しかも、お金がない→殺して奪おう→殺したら捕まった→そうか俺は悪い事をしてしまったのか→反省→とはいえ残された人生精一杯生きようと思う。の流れが本当に胸糞悪い。

全てのフェーズにおいて今現在”now”の事だけ。こんな生き物が服を着て人語を話して歩いているかもしれないという現実。怖すぎる。

 

・北九州監禁連続殺人事件

 中年の男女二人が家族を監禁して虐待したり、家族を殺させたりその処理をさせたりする事件。事件規模が大きすぎて正直読んでいても誰が誰で・・・みたいなのが未だに整理できていない。こういう長期間の監禁って、大規模になってなんらかのきっかけがないと発覚しないイメージ。怖くて逃げられなかったりとか、言えなかったりとか、色々あるんだろう。主犯格とされている男のほうは終始落ち着いて様子で、筆者のインタビューの際にも自分が直接命令を下したという明確な証拠がないという強みもあって、頑なに無実を訴えるスタンスを崩さず、味方につけようとしているところが狡猾だと思った。

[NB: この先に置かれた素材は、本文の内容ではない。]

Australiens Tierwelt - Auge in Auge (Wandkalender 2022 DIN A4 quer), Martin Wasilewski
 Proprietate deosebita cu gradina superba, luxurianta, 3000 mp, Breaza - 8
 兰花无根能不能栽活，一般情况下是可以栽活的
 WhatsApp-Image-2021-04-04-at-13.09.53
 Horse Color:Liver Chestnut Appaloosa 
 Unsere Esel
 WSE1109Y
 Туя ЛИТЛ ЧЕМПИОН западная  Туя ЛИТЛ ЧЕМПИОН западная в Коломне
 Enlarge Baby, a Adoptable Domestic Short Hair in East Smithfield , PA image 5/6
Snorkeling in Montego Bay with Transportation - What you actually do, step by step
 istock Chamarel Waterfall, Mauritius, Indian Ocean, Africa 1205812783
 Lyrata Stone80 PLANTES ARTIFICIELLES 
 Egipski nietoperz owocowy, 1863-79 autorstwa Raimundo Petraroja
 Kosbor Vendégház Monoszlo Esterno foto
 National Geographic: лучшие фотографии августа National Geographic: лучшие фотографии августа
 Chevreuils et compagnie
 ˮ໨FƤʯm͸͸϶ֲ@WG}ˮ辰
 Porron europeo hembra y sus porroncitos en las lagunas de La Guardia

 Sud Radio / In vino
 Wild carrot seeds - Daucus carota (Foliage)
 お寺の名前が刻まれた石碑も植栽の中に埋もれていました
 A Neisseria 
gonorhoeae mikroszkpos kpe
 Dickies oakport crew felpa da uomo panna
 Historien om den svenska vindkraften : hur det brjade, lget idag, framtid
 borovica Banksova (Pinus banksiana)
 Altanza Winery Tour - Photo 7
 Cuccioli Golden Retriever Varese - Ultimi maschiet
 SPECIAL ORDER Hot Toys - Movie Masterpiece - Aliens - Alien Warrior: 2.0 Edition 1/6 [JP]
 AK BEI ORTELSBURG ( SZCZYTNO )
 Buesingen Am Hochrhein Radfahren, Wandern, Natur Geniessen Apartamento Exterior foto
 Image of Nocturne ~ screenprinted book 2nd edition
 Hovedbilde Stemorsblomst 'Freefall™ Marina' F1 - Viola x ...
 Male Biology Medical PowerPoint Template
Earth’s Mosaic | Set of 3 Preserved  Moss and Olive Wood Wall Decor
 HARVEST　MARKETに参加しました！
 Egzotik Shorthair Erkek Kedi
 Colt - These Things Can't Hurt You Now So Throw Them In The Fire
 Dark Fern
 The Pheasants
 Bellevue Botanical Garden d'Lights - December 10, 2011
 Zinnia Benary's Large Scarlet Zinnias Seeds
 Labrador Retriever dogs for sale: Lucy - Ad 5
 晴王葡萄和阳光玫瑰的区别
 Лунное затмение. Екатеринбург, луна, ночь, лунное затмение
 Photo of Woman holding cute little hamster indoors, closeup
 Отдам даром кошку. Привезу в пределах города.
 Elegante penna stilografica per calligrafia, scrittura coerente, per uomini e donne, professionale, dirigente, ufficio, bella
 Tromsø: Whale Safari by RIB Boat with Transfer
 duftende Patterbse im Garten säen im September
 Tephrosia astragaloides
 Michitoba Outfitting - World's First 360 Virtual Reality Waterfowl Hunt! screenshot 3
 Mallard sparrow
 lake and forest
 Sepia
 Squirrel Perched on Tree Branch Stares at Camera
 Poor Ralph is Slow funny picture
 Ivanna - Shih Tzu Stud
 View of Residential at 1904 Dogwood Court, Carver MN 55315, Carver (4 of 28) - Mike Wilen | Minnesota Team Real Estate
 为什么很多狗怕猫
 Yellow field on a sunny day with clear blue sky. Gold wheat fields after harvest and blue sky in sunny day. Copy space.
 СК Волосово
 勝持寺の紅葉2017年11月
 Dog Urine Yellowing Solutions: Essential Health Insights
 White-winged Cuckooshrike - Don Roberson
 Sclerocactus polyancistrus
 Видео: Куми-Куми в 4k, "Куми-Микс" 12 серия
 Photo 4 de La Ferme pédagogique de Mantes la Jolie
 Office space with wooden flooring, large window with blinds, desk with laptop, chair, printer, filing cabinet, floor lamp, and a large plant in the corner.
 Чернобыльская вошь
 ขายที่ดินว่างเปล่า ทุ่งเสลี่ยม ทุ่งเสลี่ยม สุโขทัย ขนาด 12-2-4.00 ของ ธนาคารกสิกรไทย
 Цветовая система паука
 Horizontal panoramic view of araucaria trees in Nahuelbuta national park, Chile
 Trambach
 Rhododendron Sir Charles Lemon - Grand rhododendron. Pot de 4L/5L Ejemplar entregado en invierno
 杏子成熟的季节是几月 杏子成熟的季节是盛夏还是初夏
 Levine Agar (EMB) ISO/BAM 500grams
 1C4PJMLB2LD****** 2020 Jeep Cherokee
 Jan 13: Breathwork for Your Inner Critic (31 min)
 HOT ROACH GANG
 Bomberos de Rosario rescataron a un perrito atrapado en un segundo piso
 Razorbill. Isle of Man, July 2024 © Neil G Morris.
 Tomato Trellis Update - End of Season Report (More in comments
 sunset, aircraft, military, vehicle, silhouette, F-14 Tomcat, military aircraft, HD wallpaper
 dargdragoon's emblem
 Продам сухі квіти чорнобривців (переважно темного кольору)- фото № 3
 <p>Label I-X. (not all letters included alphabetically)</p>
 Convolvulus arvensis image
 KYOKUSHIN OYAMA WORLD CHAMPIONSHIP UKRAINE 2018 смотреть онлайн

”つい”とか”気づいたら”やってしまっていた。とか、そういうのとは違う。

わかってやっている。そんな印象を受けた。しかもこれ、俺の読解力が低いのかもしれないけれど目的が良く分からないんだよな。金銭はもちろん得ているけれどそれがメインじゃないというか、ただ支配して虐待して殺して隠ぺいして、淡々と生活しているだけなんだよな。ただただ思考が謎。

 

・尼崎連続変死事件

事件自体はニュースで知っていた。角田美代子(当時64)を中心とした角田ファミリーがいくつかの家庭に乗り込んで居座り、親族間で暴力を繰り返させて多額の金銭を搾取した事件。結局、角田美代子が留置施設で自殺、他のファミリーは面会拒否で今回の件はインタビューしたわけではないけれど、仕事にならなくても可能な限り見届けたいとの思いから取材を続けてしまうケースとして、この事件が取り上げられていた。

犯人は子供をまず手なずけ、子供が実質人質に取られているから大人は手出しができず、その中から一人だけいじめる対象を作り、逆らうと自分もこうなるのではにだろうかという恐怖心を他のものに植え付けた。そのうえ暴力団との関係もほのめかしていたので、結果約二年に及ぶ軟禁状態が続いたのだという。

また、この流れの中で被害者の家族の女性が角田ファミリーの一人と結婚をして加害者側に回ったり、事件の概要だけで目が回りそうになる。

この章に関しては、その結婚してファミリーに加わった女性(加害者)とその父親(被害者)の親子愛、そしてその後どう生きていくのか的なところが書かれていた。

この本の所々で書かれていることだけど、別に事件が終わって犯人が逮捕されても、

裁判は続くし殺された人は帰ってこないし、死刑になってもすぐ執行されるわけじゃないから犯人は生きているし、残された家族は忘れられないしで、とにかく”終わり”じゃないんだよな。そういうのを特に感じさせられる章だった。

 

 ・某県女性刺殺事件

これは他の章とは違って、筆者の元に犯人側から手紙が届いた事がきっかけになっている。

だからってわけじゃないが、タイトルもこんな感じになっている。○○事件ってなっているような有名なものじゃないしね。

事件の概要は当時交際相手の女性を包丁で刺して殺害したというもの。

自分の体験を本にして出版したい犯人が、一つ目の「大牟田四人殺人事件」の犯人から紹介されて筆者に手紙を送ってきたという流れだ。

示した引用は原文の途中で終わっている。